Dengan gejala soatosensoris atau sensoris spesial (melibatkan pancaindera)

- Somatosensoris, timbul rasa kesemutan atau ditusuk jarum.

- Visual, terlihat kilatan cahaya

- Auditorius, terdengar sesuatu

- Olfaktorius, tercium sesuatu

- Disertai vertigo

Dengan gejala atau tanda gangguan saraf otoonom, sensasi epigastrium, pucat, berkeringat, dilatasi
pupil.

Dengan gejala psikis (gangguan fungsi luhur), antara lain

- Disfasia, mengulang suku kata, kata atau bagian kalimat.

- Dimensia, gangguan fungsi ingatan seperti pernah mengalami, merasakan, melihat atau sebaliknya
tidak pernah.

- Kognitif, gangguan orientasi waktu.

- Afektif, merasa sangat senang, susah, marah, takut.

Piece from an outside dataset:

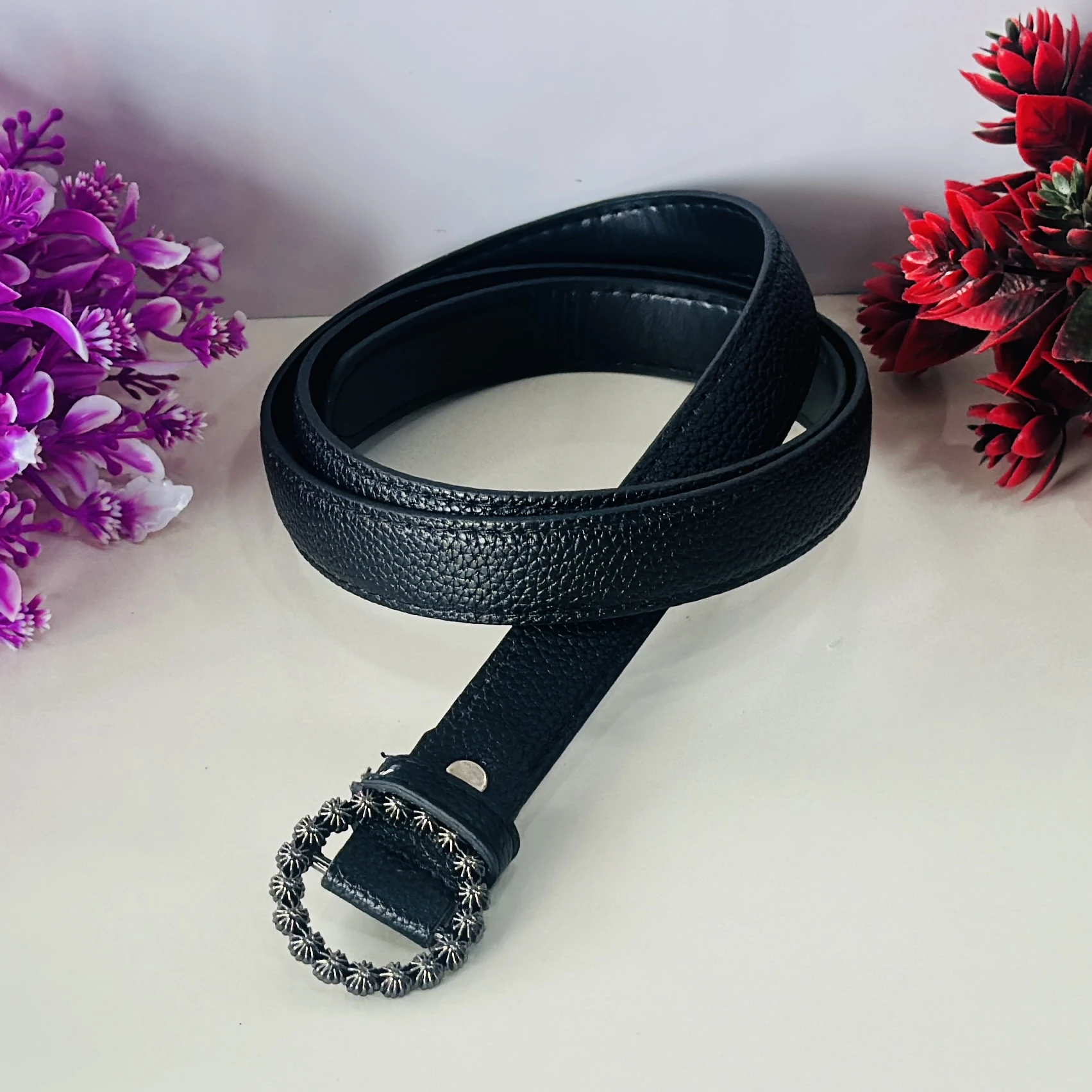 Black PU leather belt with an embellished metal buckle.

- Ilusi, perubahan persepsi benda yang dilihat,

- Halusinasi kompleks (berstruktur), seperti mendengar ada yang berbicara, musik, melihat suatu
fenomena tertentu.

b. Epilepsi parsial kompleks (disertai gangguan kesadaran)

- Serangan parsial sederhana, diikuti gangguan kesadaran

Dengan gejala parsial sederhana disertai dengan menurunnya kesadaran

Dengan automatisme, gerakan-gerakan tak terkendali dan tidak disadari

- Dengan penurunan kesadaran sejak permulaan serangan, hanya dengan penurunan kesadaran,
automatisme.

c. Epilepsi parsial yang berkembang menjadi bangkitan umum (tonik-klonik, tonik, klonik)

- Sawan parsial sederhana yang berkembang menjadi bangkitan umum

- Sawan parsial kompleks yang berkembang menjadi bangkitan umum

- Sawan parsial sederhana yang menjadi bangkitan parsial kompleks, lalu berkembang menjadi
bangkitan umum.

2. Epilepsi umum (konvulsif dan non konvulsif)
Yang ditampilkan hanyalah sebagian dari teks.